*** Input records Section Begins ***

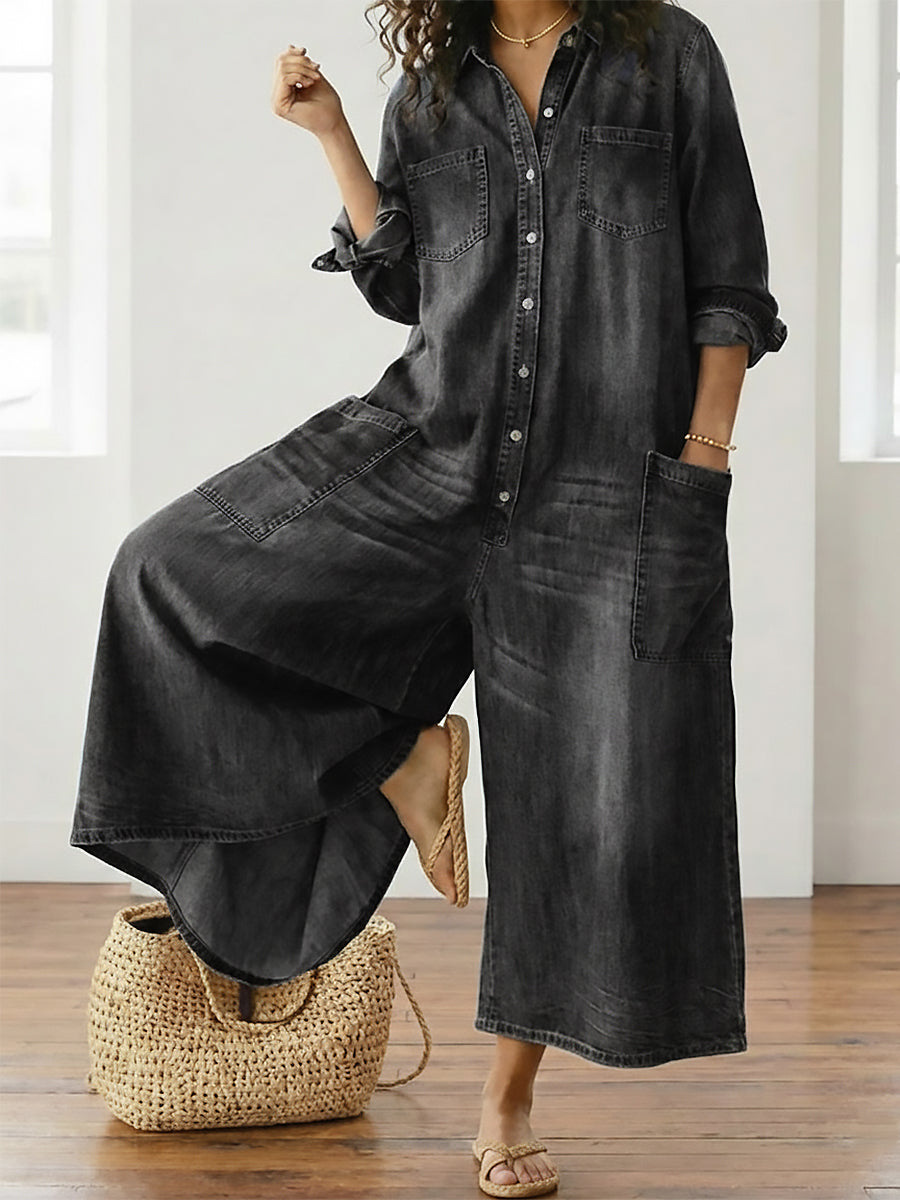 June - Vintage Washed Soft Cotton Denim Jumpsuit with Button Closure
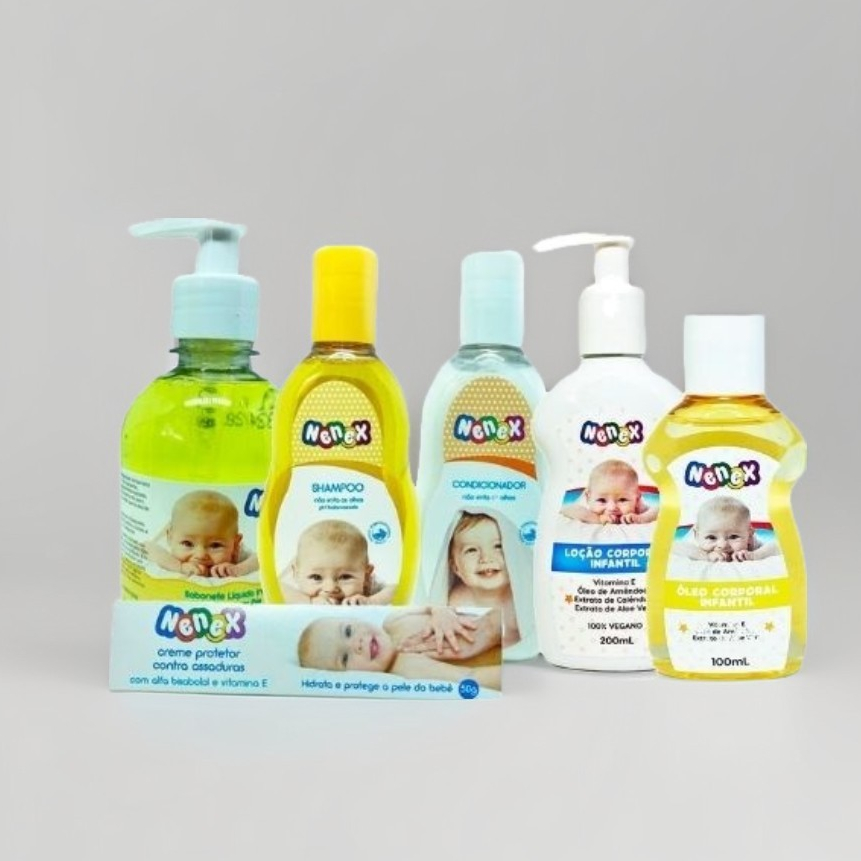Super Kit Higiene com 6 Itens SHA/COND/ÓLEO/LOÇAO/POMADA/SAB.LIQUIDO ...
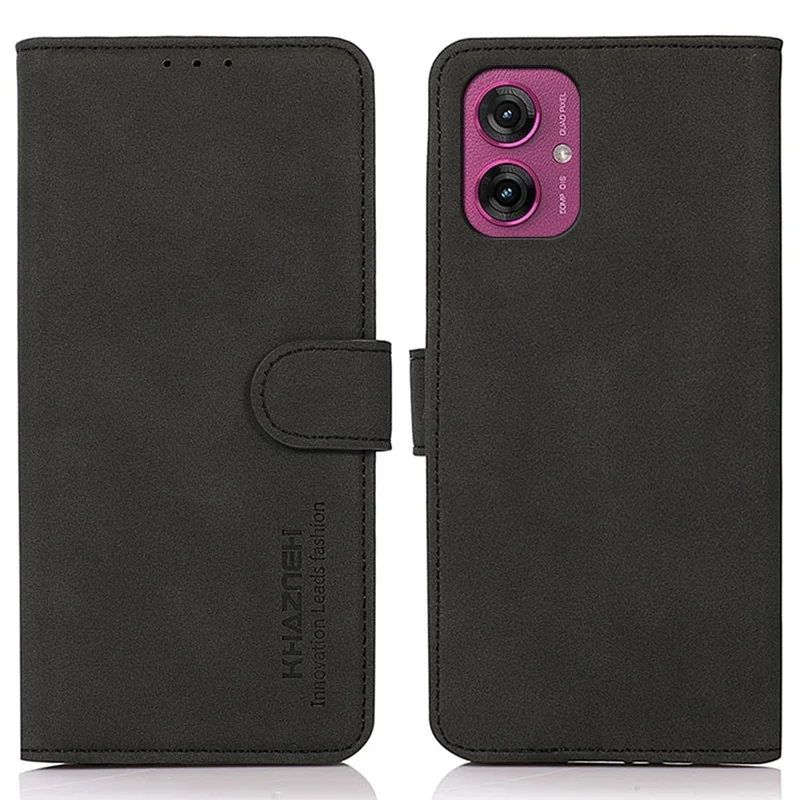 Khazneh Per Motorola Moto G55 5G Stand Case PU Coperchi - Nero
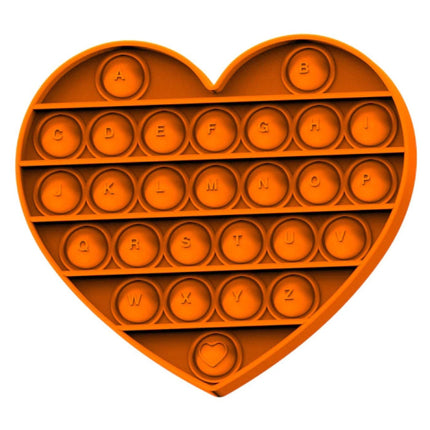 Pop It - Alfabet Fidget Anti Stress Speelgoed Bubble Toy Siliconen Hartje Oranje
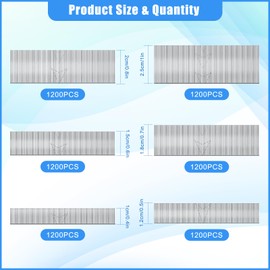 7200Pcs 23 Gauge Pin Nails, 6 Sizes Stainless Steel Pinner Nails, Headless Pin Nails for Electric Pin Nailer Molding Cabinetry Building(2/5",1/2",3/5",7/10",4/5",1")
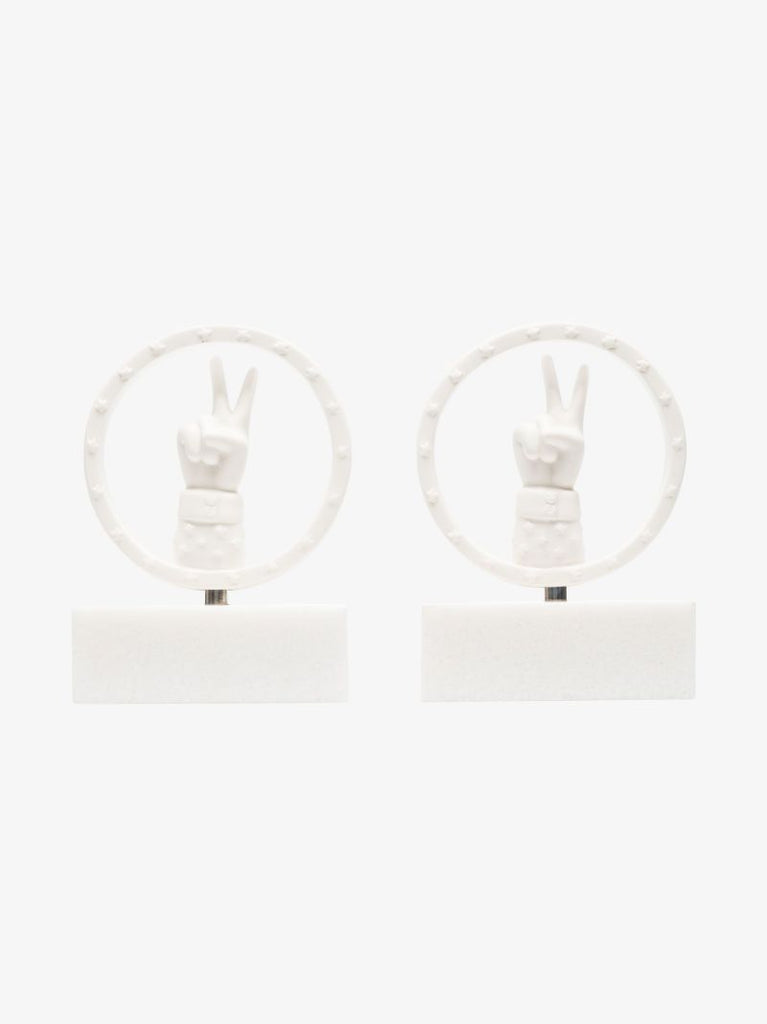 White Peace Porcelain and Marble Bookends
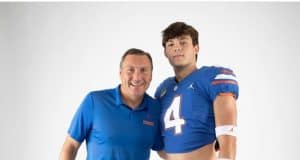 Tight end Oscar Delp with Dan Mullen during his Florida Gators official visit-814x958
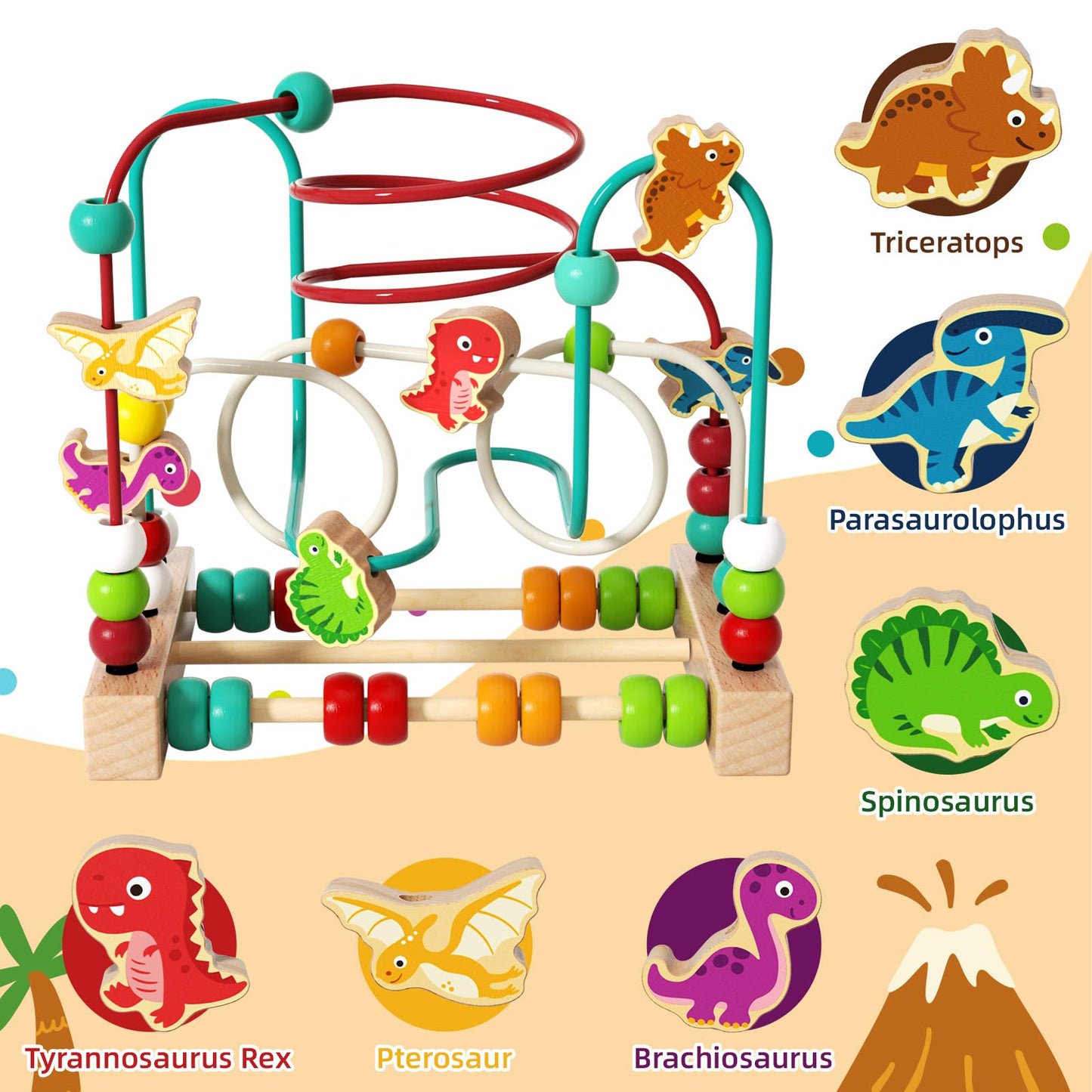 edutree Wooden Bead Maze Roller Coaster Toys for Toddlers, Dinosaur Colorful Shape Montessori Toys for 2-3 Year Old, Educational Learning Counting Toy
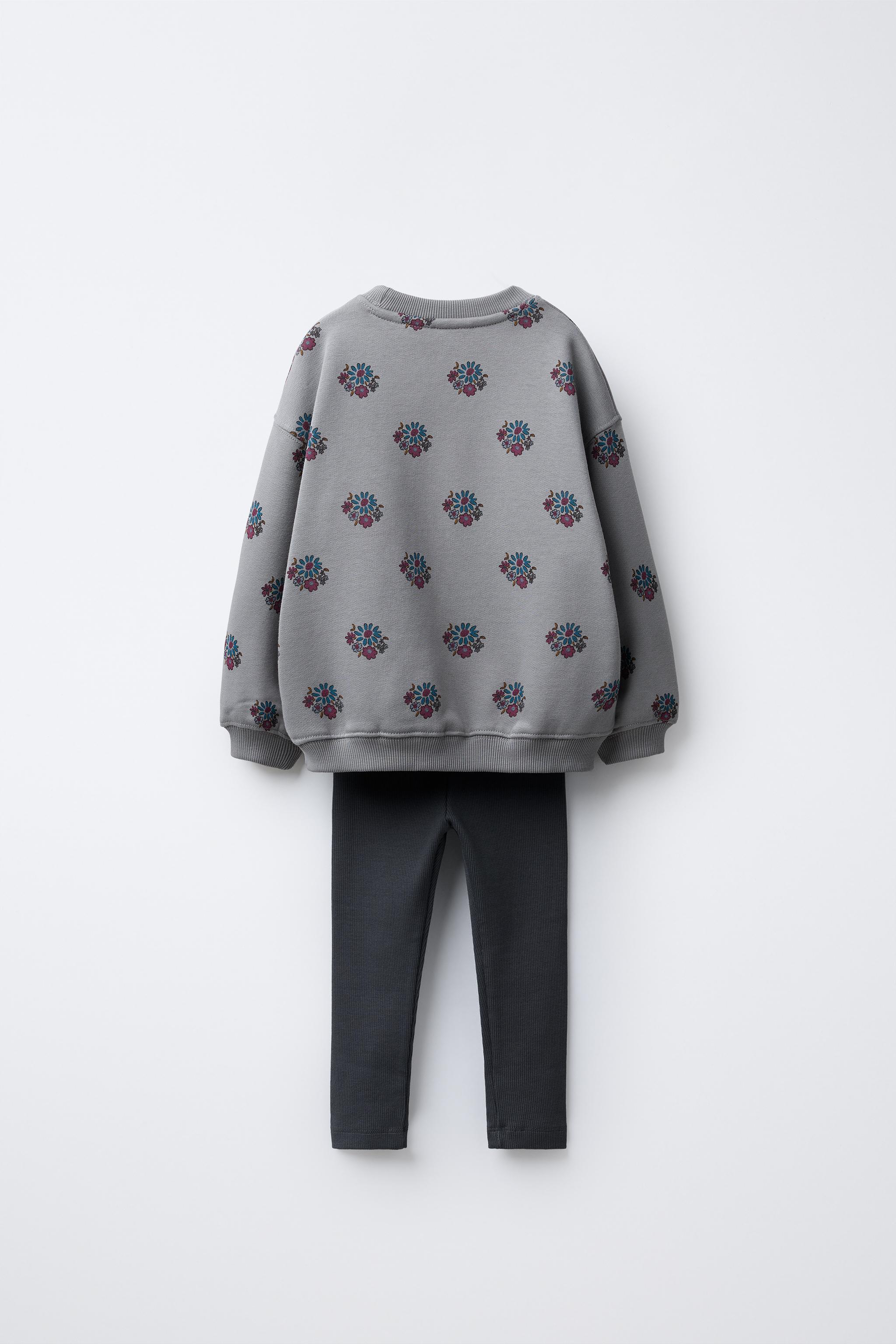 PRINTED SWEATSHIRT AND RIBBED LEGGINGS SET - Blue gray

*** Input records Section Ends ***

Problem details
All of the records need to be restated word for word, but not the pictures.

Final answer
 June - Vintage Washed Soft Cotton Denim Jumpsuit with Button Closure
Super Kit Higiene com 6 Itens SHA/COND/ÓLEO/LOÇAO/POMADA/SAB.LIQUIDO ...
 Khazneh Per Motorola Moto G55 5G Stand Case PU Coperchi - Nero
 Pop It - Alfabet Fidget Anti Stress Speelgoed Bubble Toy Siliconen Hartje Oranje
 7200Pcs 23 Gauge Pin Nails, 6 Sizes Stainless Steel Pinner Nails, Headless Pin Nails for Electric Pin Nailer Molding Cabinetry Building(2/5",1/2",3/5",7/10",4/5",1")
 White Peace Porcelain and Marble Bookends
 Tight end Oscar Delp with Dan Mullen during his Florida Gators official visit-814x958
 edutree Wooden Bead Maze Roller Coaster Toys for Toddlers, Dinosaur Colorful Shape Montessori Toys for 2-3 Year Old, Educational Learning Counting Toy
 PRINTED SWEATSHIRT AND RIBBED LEGGINGS SET - Blue gray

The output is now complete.